▸ Task directions
Output the lines from the one holding "Retro Simple Men's Crossbody Messenger Bag" to the end of the entries that follow, exactly and only those, minus any pictures.

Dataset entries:

....

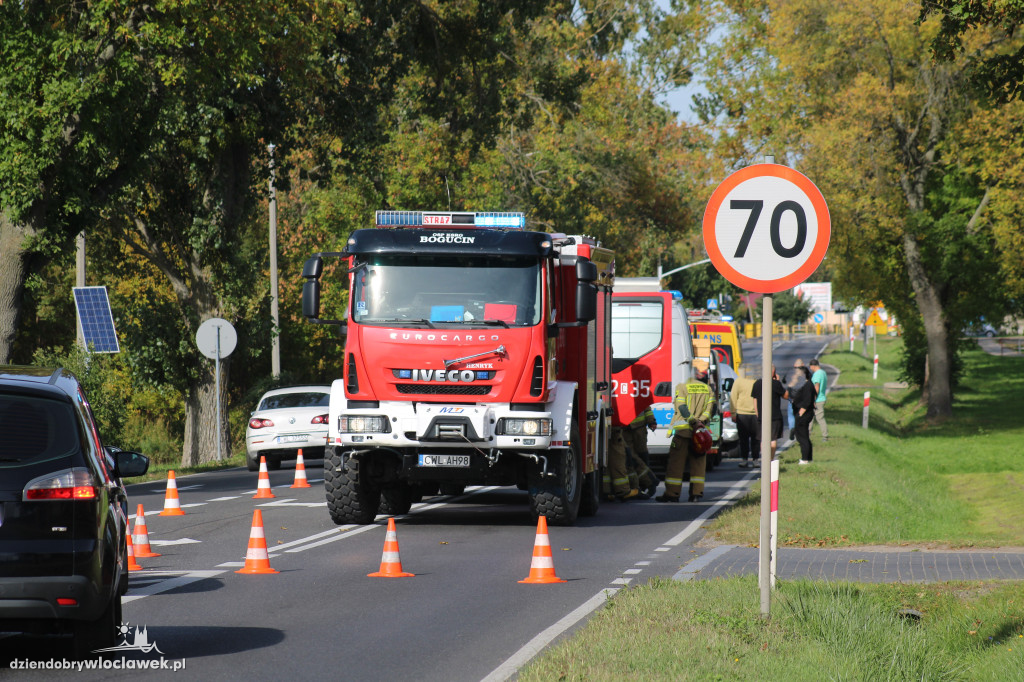 3 samochody zderzyły się w Fabiankach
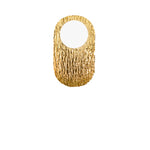 APPLIQUE LED HOCKEY ORO IN METALLO+ALLUMINIO 6W CCT 2700/3200/4000K 36X18X14CM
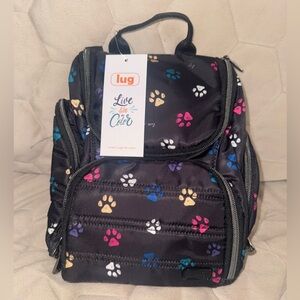 NWT lug Caddy toiletry case in Paws black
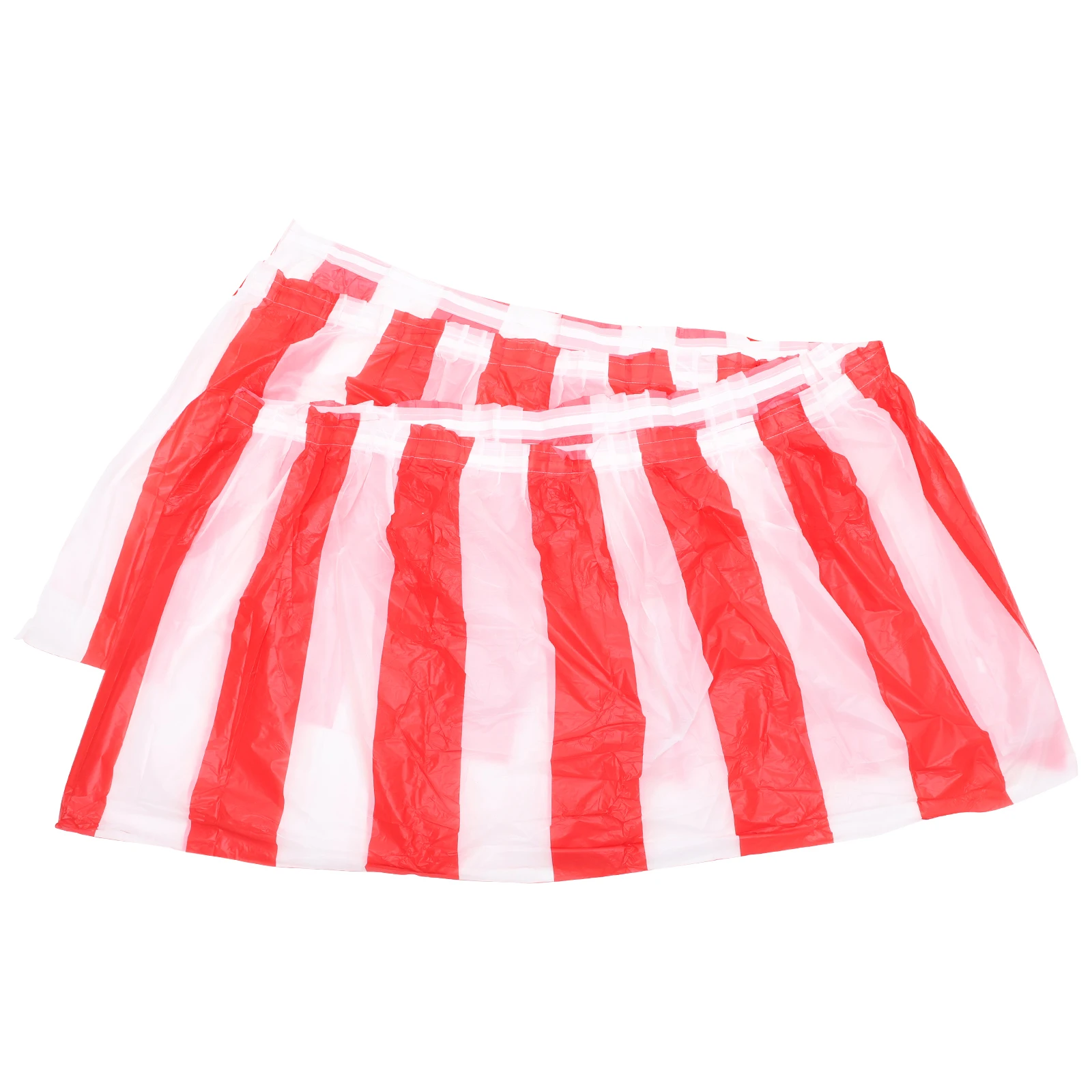 

Waterproof Pvc Tablecloth Oil-Proof Party Holiday Home Use Striped Red White Lightweight Easy Carry Decoration Practical
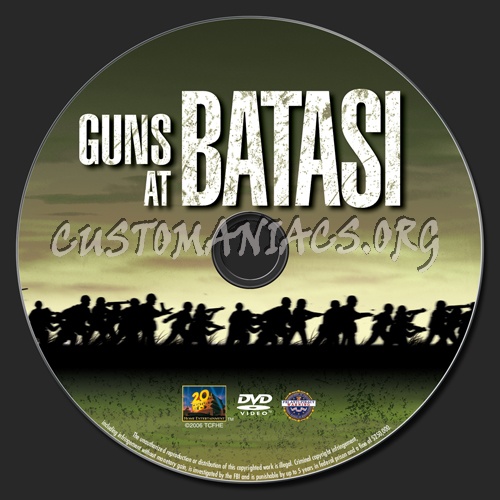 Guns at Batasi dvd label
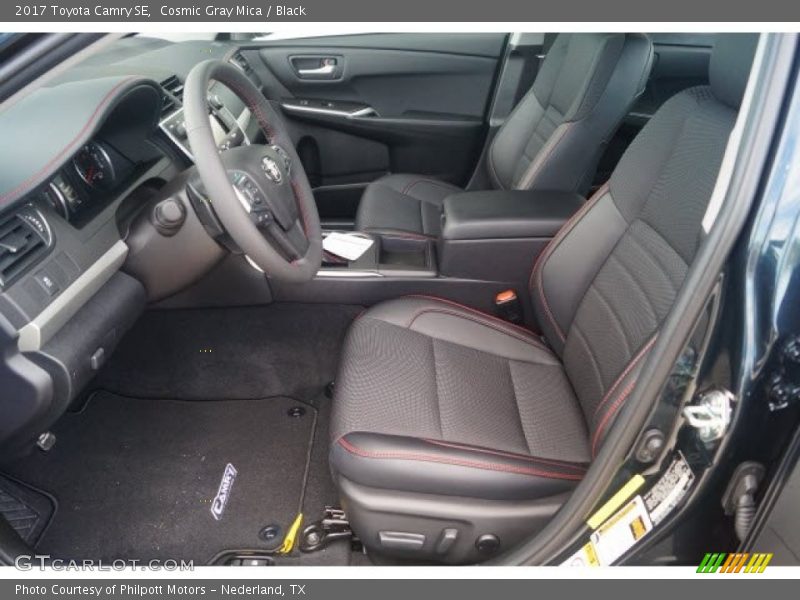  2017 Camry SE Black Interior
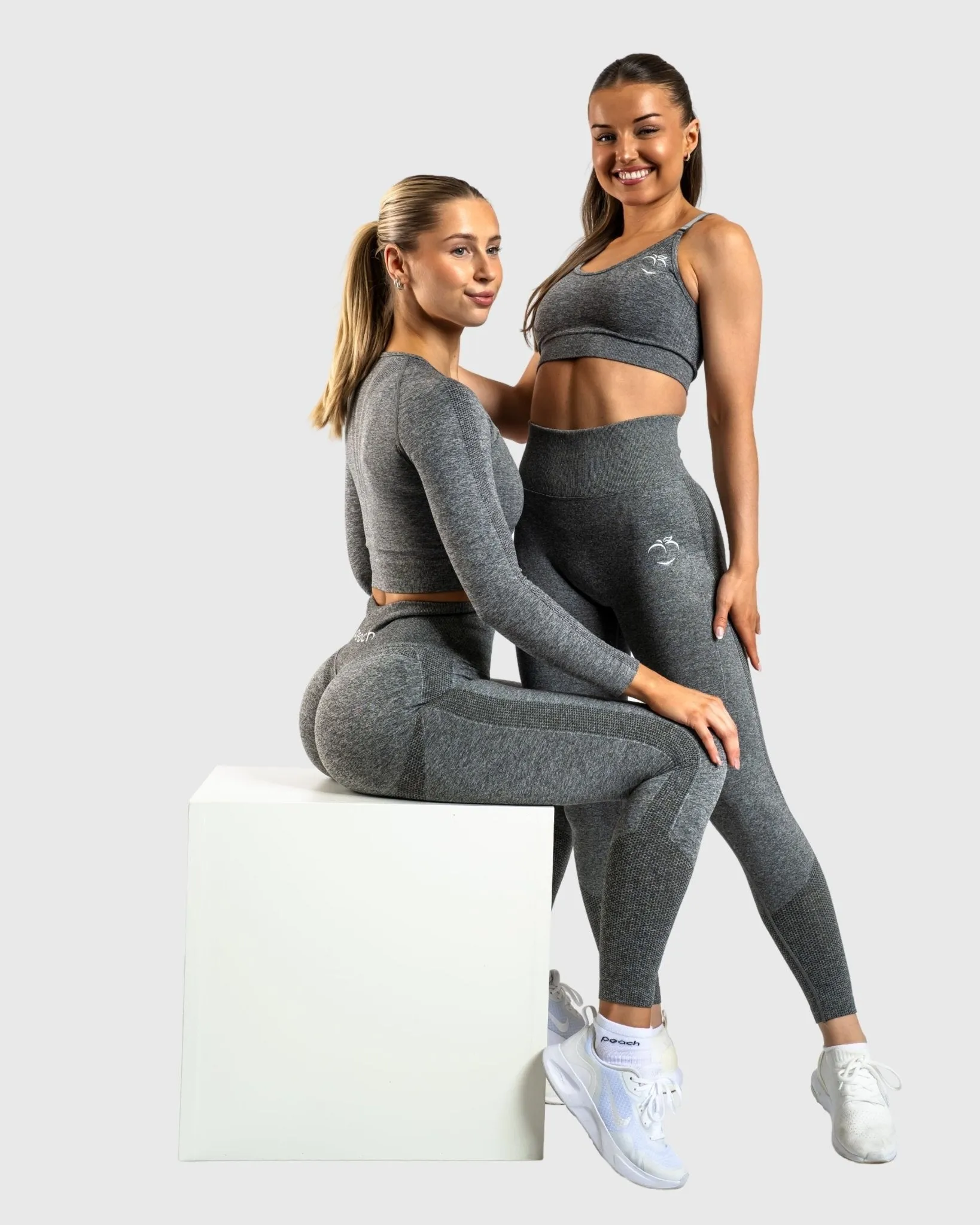 Grey Dusty Lux Seamless Tights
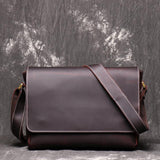 Retro Simple Men's Crossbody Messenger Bag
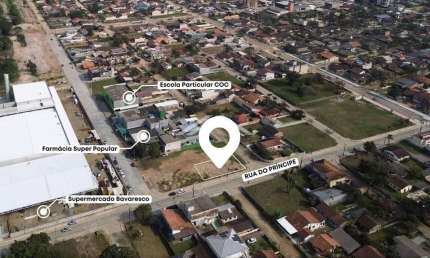 Terreno para locação por R$ 1.900,00, localizado no Residencial Príncipe - Itapoá SC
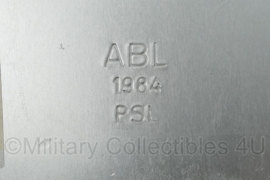 ABL Belgische leger veldfles beker 1964 aluminium - WO2 US model - origineel
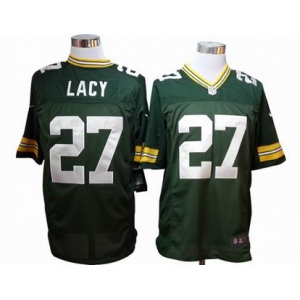 nike nfl jerseys green bay packers #27 lacy green[nike limited]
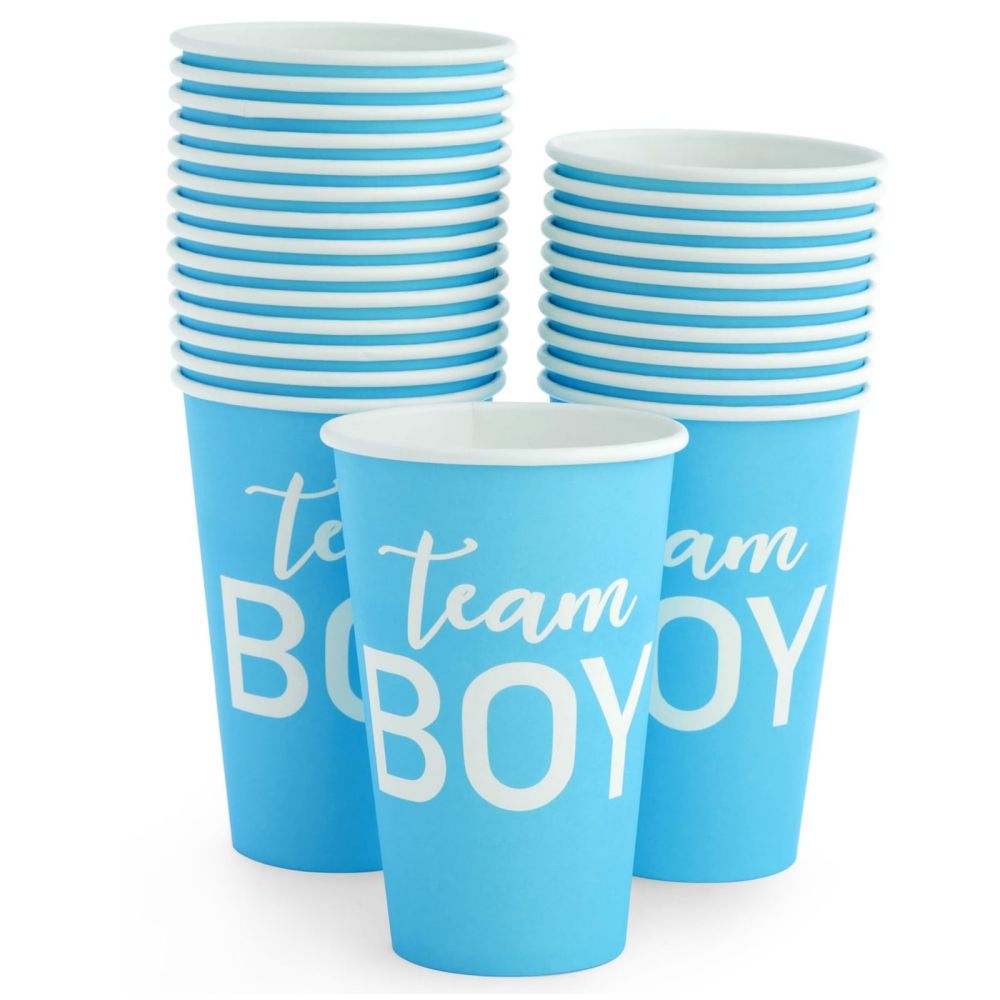 Blue Boy Paper Cups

....

▸ Result below
 Retro Simple Men's Crossbody Messenger Bag
 Terreno para locação por R$ 1.900,00, localizado no Residencial Príncipe - Itapoá SC
 ABL Belgische leger veldfles beker 1964 aluminium - WO2 US model - origineel
 nike nfl jerseys green bay packers #27 lacy green[nike limited]
 Blue Boy Paper Cups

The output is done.